How can IoT and AI support each other?
In the IoT, real world events are reported and processed to create an appropriate response. In a simple sense, any IoT application that uses software to generate a response to a triggering event is at least a basic form of AI, and then AI is essential to IoT. The question for IoT users and developers is not whether to use AI, but how far AI can be taken. It depends on the complexity and variability of the real systems supported by the IoT.
A simple rules-based AI would say “If the trigger switch is pressed, turn on light A”, and a more sophisticated evolution might say “If the trigger switch is pressed, and it’s dark, turn on light A.” This represents not only event recognition (trigger-switch), but also state recognition (it’s dark). Programmers use state/event tables to describe how a series of events is interpreted in multiple states, but this only works if there are a limited number of states that can be easily recognized.
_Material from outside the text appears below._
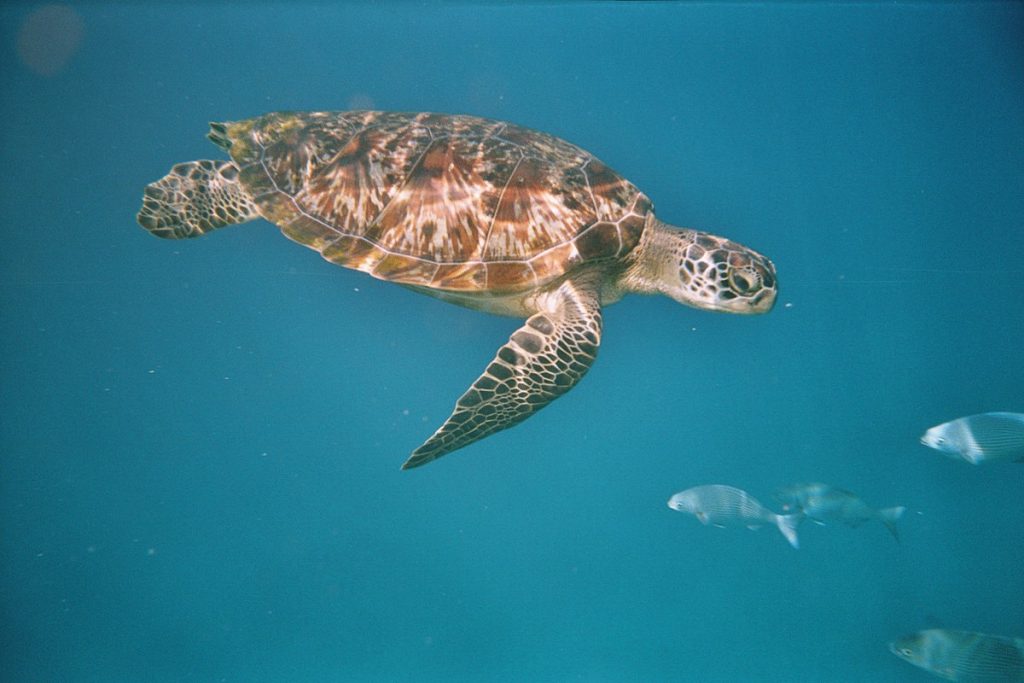 Ou voir des tortues marines ?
Referring to the example of a truck arriving at a warehouse with goods to be stored, a simple AI could provide the driver with a way to enter a code to pass a security barrier. This would eliminate the cost of hiring a gate worker. It is also possible to read a barcode or RFID tag on the vehicle itself and allow entry without entering a code. This would allow the truck to continue moving while its right to enter was validated, further speeding up the process.
If more conditions need to be analyzed to determine a response to an IoT event, the process is beyond the capabilities of the simple AI application. If the It’s dark state has been replaced by a called, i need more lightand the IoT system had to respond not to a specific trigger switch but to the task a person was trying to perform, a simple AI would not suffice.
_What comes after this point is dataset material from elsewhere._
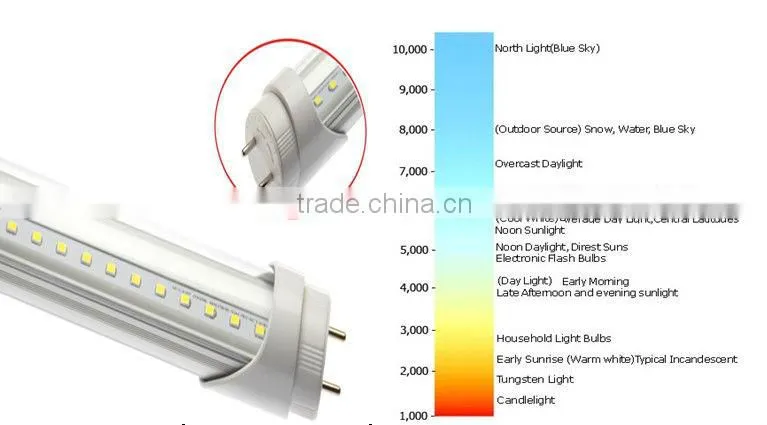 2013 New Tube8 LED Light Tube LED Tube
In this situation, IA’s ML form can monitor the arrival of a load of goods at the warehouse. Over time, it could learn when drivers and workers needed more light and activate the switch without the person needing to act. Alternatively, an expert can perform the expected tasks and “teach” the software when more light would be appropriate. AI/ML software would then eliminate the need for a programmer to create every IoT application.
In the form of AI inference, the IoT application tries to gather as much information as possible, mimicking what a person is feeling. It then applies inference rules, such as people cannot work where light levels are less than xand from the conditions felt and the application of these rules, decides to turn on a light.
Inference-based AI requires more complicated software to gather conditions and define inference rules, but it can respond to a wider range of conditions without being programmed. The same level of inference processing could determine whether additional workers should be assigned to unloading, because the goods are needed, work is running late, or simply because workers are available. All of this could improve the movement of goods and the overall efficiency of truck drivers and warehouse staff.
IoT is about using IT tools to automate real-world processes, and like all automation tasks, it should reduce the need for direct human involvement. Although the IoT aims to reduce human labor, it does not eliminate the need for human judgments and decisions. This is where AI can step in and dramatically improve the IoT system.